Danielle Paquette at the Post in October:

A coalition of more than 90 civil rights groups is preparing to challenge the Trump administration’s decision to halt an Obama-era initiative aimed at fighting employer discrimination against women and minorities.

Emily Martin, general counsel at the National Women’s Law Center, said she and attorneys at the Lawyers’ Committee for Civil Rights Under Law have requested copies of emails, voice mails and other communications among the federal officials who opted in August to freeze a rule that would have required companies to file data broken down by race, ethnicity and gender on what they pay workers.

The rule compelling companies to submit additional information about employees and wages to the Equal Employment Opportunity Commission was finalized in September 2016 and would have taken effect next year.

Would have, had a reasonable adult human won the presidential election last year, but alas it was not to be.

After Trump launched his deregulation agenda, Neomi Rao, who heads the Office of Information and Regulatory Affairs, stayed the rule, saying in an Aug. 29 letter to the new acting head of the EEOC that the requirement was unnecessarily burdensome and lacked “practical utility.”

Victoria Lipnic, whom Trump appointed in January as acting chair of the EEOC, publicly expressed concerns in April about the burden the rule could put on businesses. (Neither Rao nor Lipnic responded to requests for comment.)

Ivanka Trump, meanwhile, supported the administration’s decision to halt the rule. The first daughter and adviser to the president has positioned herself a champion for women, advocating policies that support female breadwinners.

“Ultimately, while I believe the intention was good and agree that pay transparency is important, the proposed policy would not yield the intended results,” she said in an August statement. “We look forward to continuing to work with EEOC, OMB, Congress and all relevant stakeholders on robust policies aimed at eliminating the gender wage gap.”

I did comment on Princess Ivanka’s ludicrous self-serving “statement” at the time:

“Ultimately, while I believe the intention was good and agree that pay transparency is important, the proposed policy would not yield the intended results,” said the first daughter, who recently published a book called ‘Women Who Work’ and markets a clothing and accessories line to working women.

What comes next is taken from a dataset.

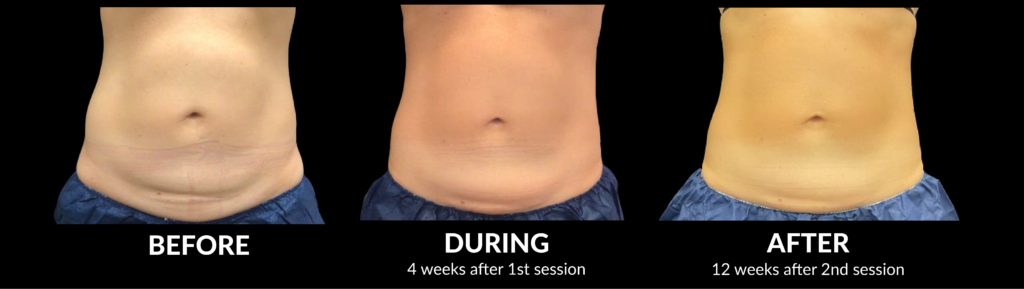 CoolSculpting Elite Before During After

How the hell does she know? Who is she to make that claim? What is the source of her expertise?

Activists who focus on pay equality have blasted this decision, with the executive director of Make It Work, a nonprofit aimed at improving women’s economic lives, calling it “a blatant attack on women.”

“To suspend a crucial Obama-era initiative aimed at increasing pay transparency and reducing the gender and racial pay gap is an unacceptable and deliberate attack on women in the workplace, especially black and Hispanic women who are currently paid only 63 cents and 54 cents to the dollar white men are paid, respectively,” said Tracy Sturdivant, who cofounded the Make It Work campaign.

But Ivanka Trump knows better because…what?

Oh wait, I know – it’s because she’s an employer and a purchaser. She doesn’t want to pay her employees more and she doesn’t want to pay more for the merch she sells. It’s not that she actually thinks it wouldn’t work; she’s lying just like Daddy about that – it’s that she thinks it will cost her money.

So far I don’t see any reason to change my mind about that.